This issue is to discuss it and raise concerns about whether or not it makes sense to expose SQLite bindings given we already bundle it.

cjihrig commented 3 weeks ago

I imagine this idea will get a lot of support and a lot of opposition. If someone else handles the consensus building aspect, I'd be happy to work on the implementation side.

gabrielschulhof commented 3 weeks ago

Shall we use the same interface as https://github.com/TryGhost/node-sqlite3?

tniessen commented 2 weeks ago

@gabrielschulhof On the rare occasion that I voluntarily write JavaScript code, I personally prefer the better-sqlite3 API, which also tends to be significantly faster.

That being said, the non-blocking behavior of node-sqlite3 better matches the Node.js I/O model. If you have a slow storage medium or if you use a slow VFS, e.g., with a network resource as its backend, then the asynchronous node-sqlite3 API is a better choice. Similarly, applications that do not utilize SQLite transactions efficiently will spend a lot of time waiting for each change to be committed, which is slow even if the underlying storage is fast, so using synchronous APIs in those cases unnecessarily blocks the event loop. Applications that use well-designed transactions and that run on a very fast storage backend, on the other hand, will see a lot of unnecessary overhead from asynchronous APIs.

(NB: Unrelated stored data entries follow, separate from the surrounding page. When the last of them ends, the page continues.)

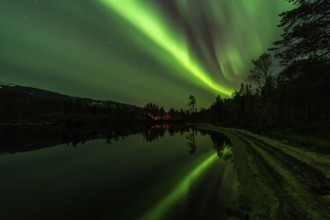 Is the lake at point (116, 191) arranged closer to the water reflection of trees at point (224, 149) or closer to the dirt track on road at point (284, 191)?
the dirt track on road at point (284, 191)

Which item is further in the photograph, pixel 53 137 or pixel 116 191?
pixel 53 137

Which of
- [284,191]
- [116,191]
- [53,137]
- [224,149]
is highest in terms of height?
[224,149]

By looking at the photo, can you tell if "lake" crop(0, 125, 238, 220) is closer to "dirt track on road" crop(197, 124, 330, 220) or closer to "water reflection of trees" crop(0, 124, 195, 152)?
"dirt track on road" crop(197, 124, 330, 220)

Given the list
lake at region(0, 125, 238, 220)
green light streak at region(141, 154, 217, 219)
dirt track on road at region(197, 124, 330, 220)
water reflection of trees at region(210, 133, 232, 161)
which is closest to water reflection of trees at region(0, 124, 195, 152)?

Perhaps Node.js could allow native addons to link against the bundled SQLite dependency instead and leave the API to third-party packages.

GeoffreyBooth commented 2 weeks ago

I think at the very least let's land the localStorage PR which would get SQLite into the codebase. After that, my concern would be semver: if we expose SQLite, then we can't update it any faster than our release cycle, unless we make some kind of exception for it.

cjihrig commented 2 weeks ago

FWIW, SQLite has followed semver since version 3.9.0 in 2015, and the current major version is still 3:

The current value for X is 3, and the SQLite developers plan to support the current SQLite database file format, SQL syntax, and C interface through at least the year 2050. Hence, one can expect that all future versions of SQLite for the next several decades will begin with "3.".

KhafraDev commented 2 weeks ago

I would like to bring attention to esqlite by @mscdex, which outperform(s/ed) better-sqlite3 in a number of cases while being asynchronous. https://github.com/mscdex/esqlite

benjamingr commented 2 weeks ago

It looks like we have consensus around experimenting with this (i.e. prototyping a sqlite binding in core), just for further visibility I'll also ping the TSC in chat.


As for the API I personally really prefer a synchronous one over an asynchronous one since SQLite is built to run in-process. I think in the common use case this is significantly simpler and likely faster. That said, an asynchronous promise based API should also be fine.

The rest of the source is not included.